Jordan’s three premises should resonate with Slaw readers too.

1. Lawyers’ knowledge demands are changing. Databases and collections of cases are very close to being a full-scale commodity.

2. Lawyers aren’t the dominant market anymore.

3. Blogs point the way to a micro-publishing future.

It’ll be interesting to see who rises to the provocation.


  1. I hope that the publishers pay attention to this message. Librarians are already looking at CanLII, e-laws and the blogosphere. We’re finding quality for free- how will the publishing industry respond?

  2. I’m at my second firm in a row now that doesn’t subscribe to Quicklaw.
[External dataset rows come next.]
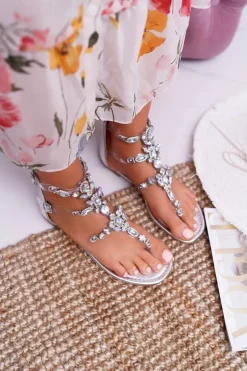 Sandały Damskie Srebrne z Kryształkami Ywena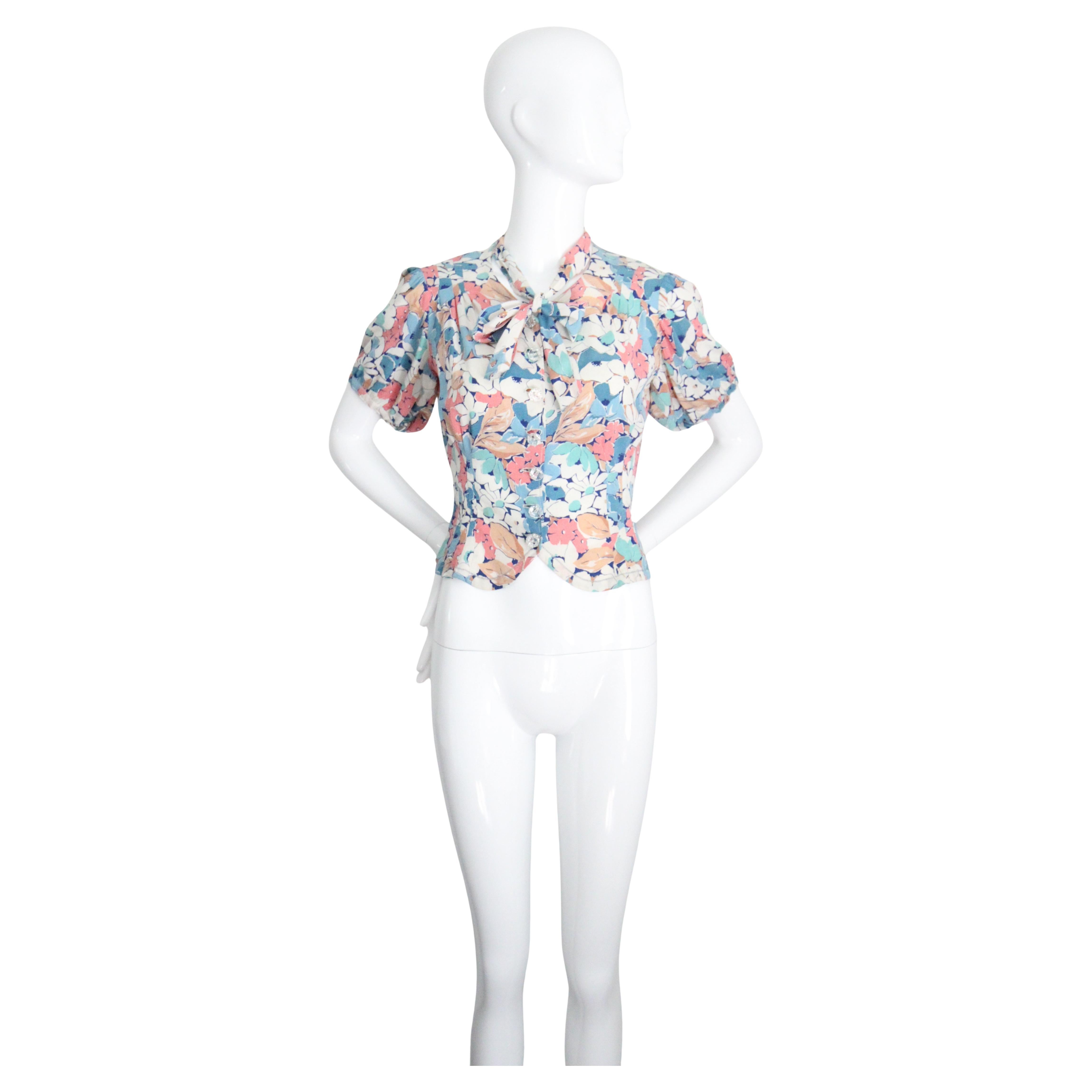 Vintage 1940's Floral Silk Blouse Pussy Bow Floral Shirt UK 10 US 6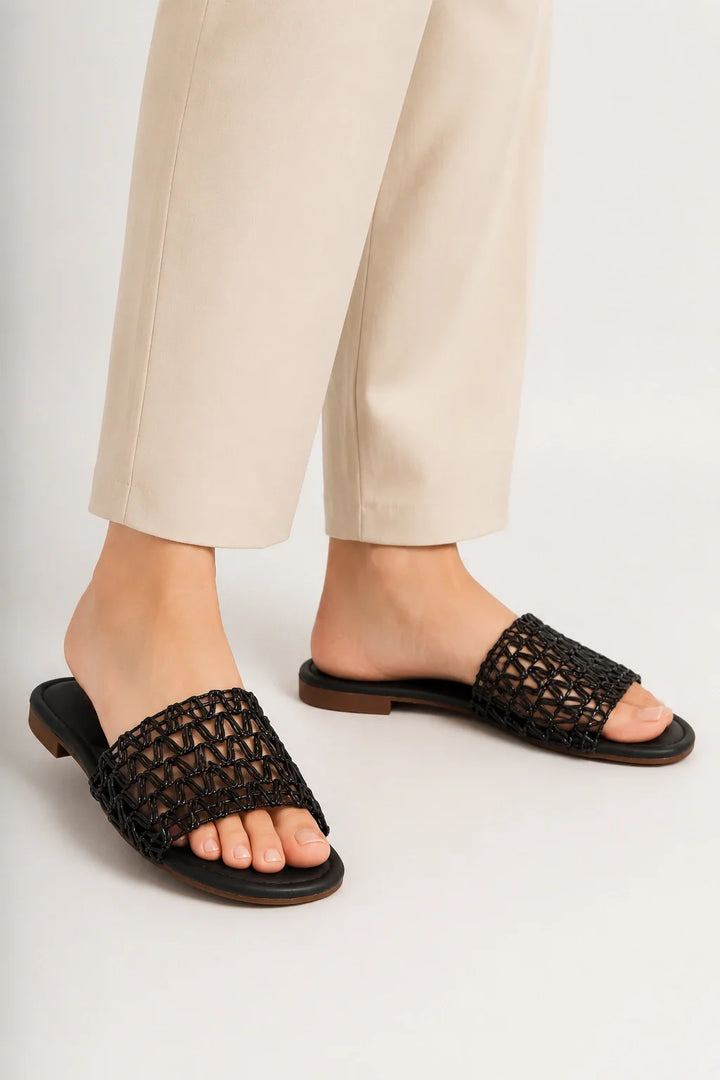 Black Woven Flat Slipper for Women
Between CanLII and the CBA National Section listserve, 95% of their questions get answered.

  3. The world foreseen here is one of the worlds which I have feared for some time. As lawyers’ ability to get access to raw cases increases, the need for thoughtful analyses of the cases also increases. While I admit that blogs and other evanescent forms of publishing provide some instant analysis, by their very nature they are not a substitute for sustained and careful analysis of an area of the law. Those analyses come only from articles and texts.

    The problem we face is how to encourage the writing and publication of those particular forms of legal scholarship. I agree that the advent of the Internet and the major changes it has facilitated force publishers and both the purveyors and consumers of what the publishers produce to re-think how they do what they did before we had the Internet. It would, in my opinion, be little short of a disaster if traditional forms of legal scholarship were to disappear.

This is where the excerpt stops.